The party’s statement says that it “cannot but express respect for the popular will [of the Tunisian people] that astonished the world its unity, solidarity, and quick reaction…Hezbollah believes it is the Tunisian people’s right to choose their representatives and elect who they find appropriate to rule their country.” The Tunisian protestor’s “self-reliance,” rather than “seeking foreign help,” is also praised.

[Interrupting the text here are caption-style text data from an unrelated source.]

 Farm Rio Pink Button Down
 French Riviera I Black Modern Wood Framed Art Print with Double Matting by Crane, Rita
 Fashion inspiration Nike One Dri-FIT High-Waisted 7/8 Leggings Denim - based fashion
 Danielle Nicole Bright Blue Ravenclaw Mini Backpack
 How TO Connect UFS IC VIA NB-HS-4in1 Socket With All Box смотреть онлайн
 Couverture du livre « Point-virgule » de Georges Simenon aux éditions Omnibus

Comparisons are made to the Muhammad Reza Pahlavi’s and Ben Ali’s quick and unexpected flights from their home countries in the midst of mass popular protests against their despotism.
In contrast to the party’s excited endorsement of the popular protests in Tunisia, the public statements by Hezbollah’s two most senior leaders, its secretary-general Hassan Nasrallah and deputy secretary-general Naim Qassem, were muted following successive popular protests in Iran following Mahmoud Ahmadinejad’s contested reelection as the country’s president. In response to questions about the party’s position on events inside Iran, Qassem said “Hezbollah has nothing to do with Iran’s internal affairs. We don’t side with anyone. This is an internal Iranian issue. What is happening has nothing to do with our situation.” Nasrallah labeled the protests an “internal [Iranian] matter” that he would “not touch.”

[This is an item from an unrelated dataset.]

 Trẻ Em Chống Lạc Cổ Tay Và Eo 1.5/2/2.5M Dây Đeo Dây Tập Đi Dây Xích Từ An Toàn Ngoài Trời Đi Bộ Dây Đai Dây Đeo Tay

Hezbollah’s quick public support of popular protests in Tunisia rests on the usefulness of the events of the last several days to the party’s platform and ideological framing. As its statement makes clear, the flight of Ben Ali, seen as backed by the U.S. and France, is a clear sign of the changing times in the Middle East and North Africa. The party “calls upon [Arab] leaders to learn from what has happened in Tunisia, and the first lesson is to end their relations with the arrogant countries.” Hezbollah’s silence when mass protests were routinely taking place in Iran was understandable given the fact that the party is closely aligned with the Iranian governing system headed by Ali Khamenei. Unlike the Tunisian protests Hezbollah had nothing clear to gain from taking a strong public position on the Iranian protests and certainly nothing from criticizing Khamenei or Ahmadinejad, both of whom have been great supporters of the Shi’ite party. However, Hezbollah has clearly shown that for all its claims to represent the “downtrodden and oppressed of the world,” its concern for political and social freedoms, like those of the nation-states it criticizes, is selective and determined by self-interest rather than a belief in universal justice.
Christopher Anzalone is a doctoral student in the Institute of Islamic Studies at McGill University where he studies modern Muslim socio-political movements, Shi’ite Islam, and Islamist visual culture.